> [Problem] Within the records that follow, restate exactly the lines from the line with "Glass goblets set" down to the line with "Erkek Jogger Slim", including both. Omit the pictures.
---------- Dataset
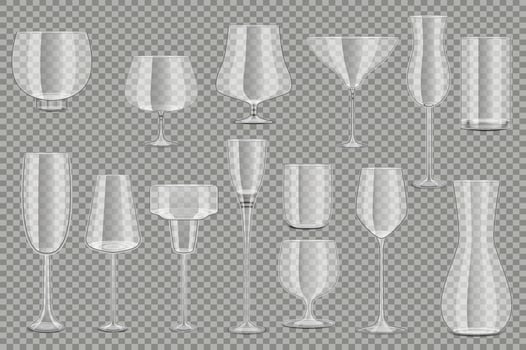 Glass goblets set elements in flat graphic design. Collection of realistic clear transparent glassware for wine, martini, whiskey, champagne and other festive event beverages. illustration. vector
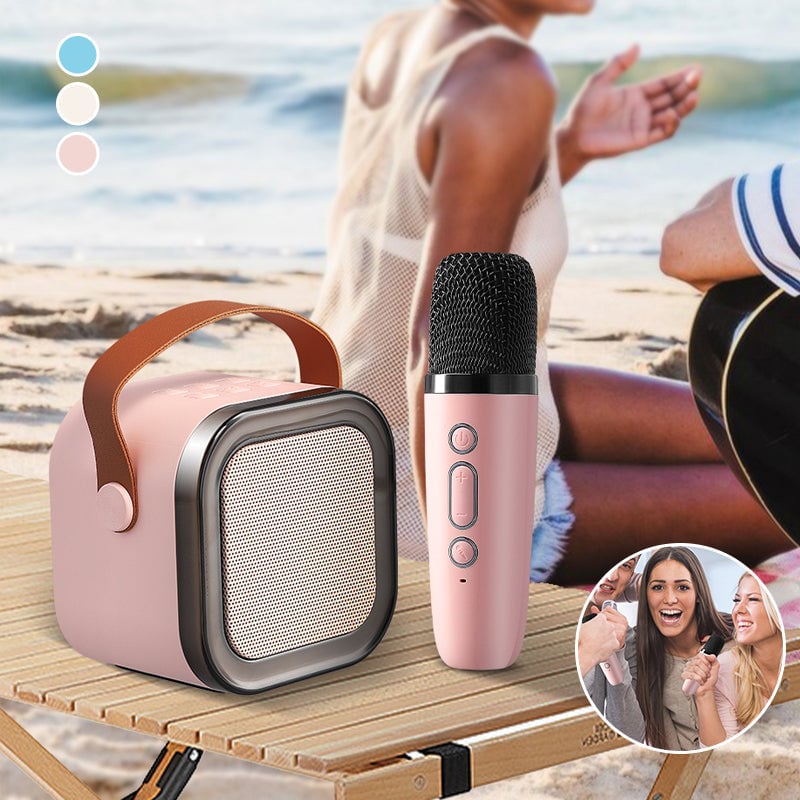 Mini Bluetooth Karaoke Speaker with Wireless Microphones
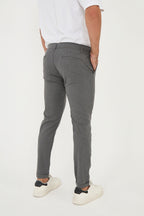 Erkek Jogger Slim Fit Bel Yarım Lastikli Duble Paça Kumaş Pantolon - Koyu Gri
--------------------
---------- Dataset
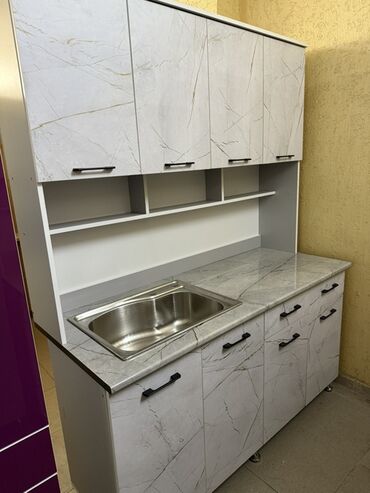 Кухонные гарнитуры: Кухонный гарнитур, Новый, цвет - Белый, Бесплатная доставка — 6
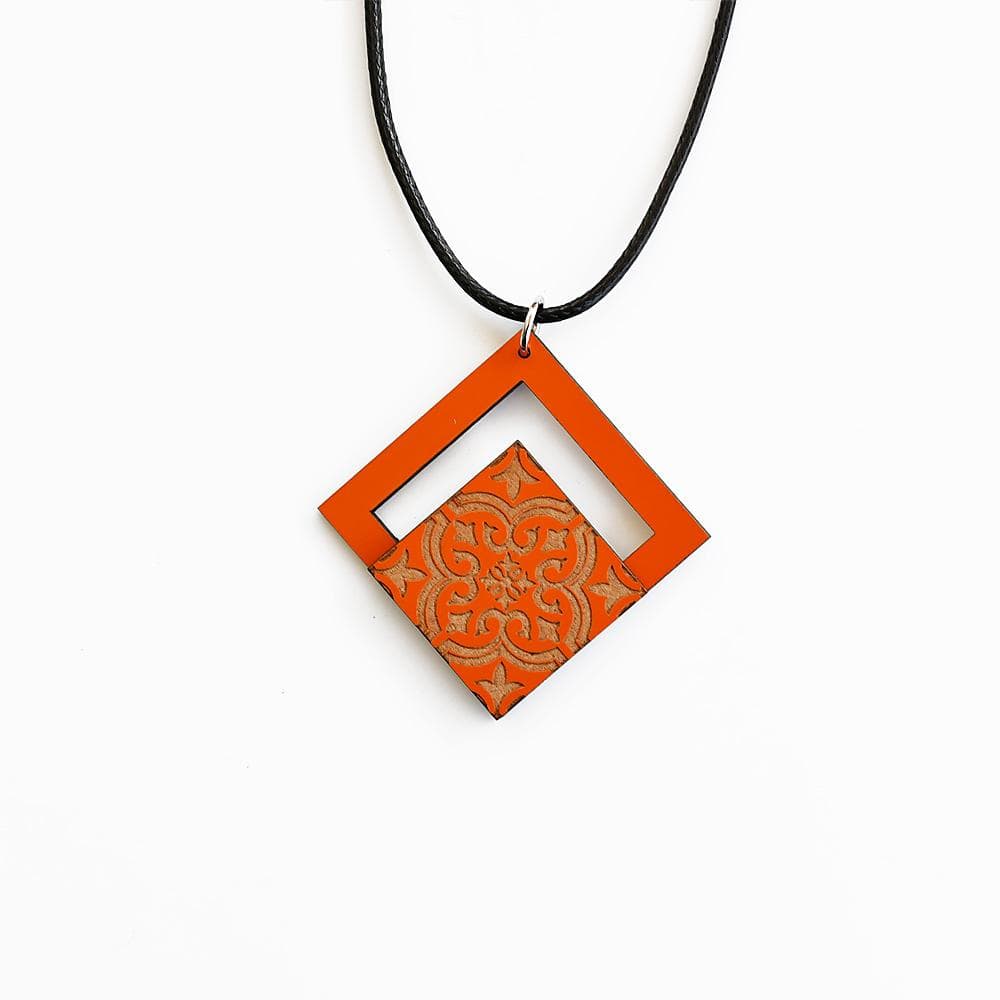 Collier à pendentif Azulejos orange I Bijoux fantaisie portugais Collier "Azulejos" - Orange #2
--------------------
---------- Dataset
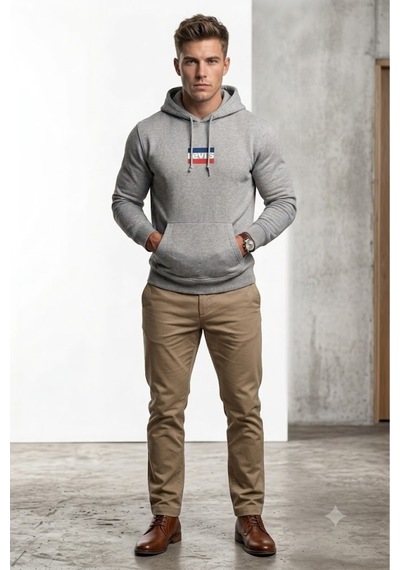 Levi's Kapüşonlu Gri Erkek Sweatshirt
--------------------
> [Answer to this problem]
 Glass goblets set elements in flat graphic design. Collection of realistic clear transparent glassware for wine, martini, whiskey, champagne and other festive event beverages. illustration. vector
 Mini Bluetooth Karaoke Speaker with Wireless Microphones
 Erkek Jogger Slim Fit Bel Yarım Lastikli Duble Paça Kumaş Pantolon - Koyu Gri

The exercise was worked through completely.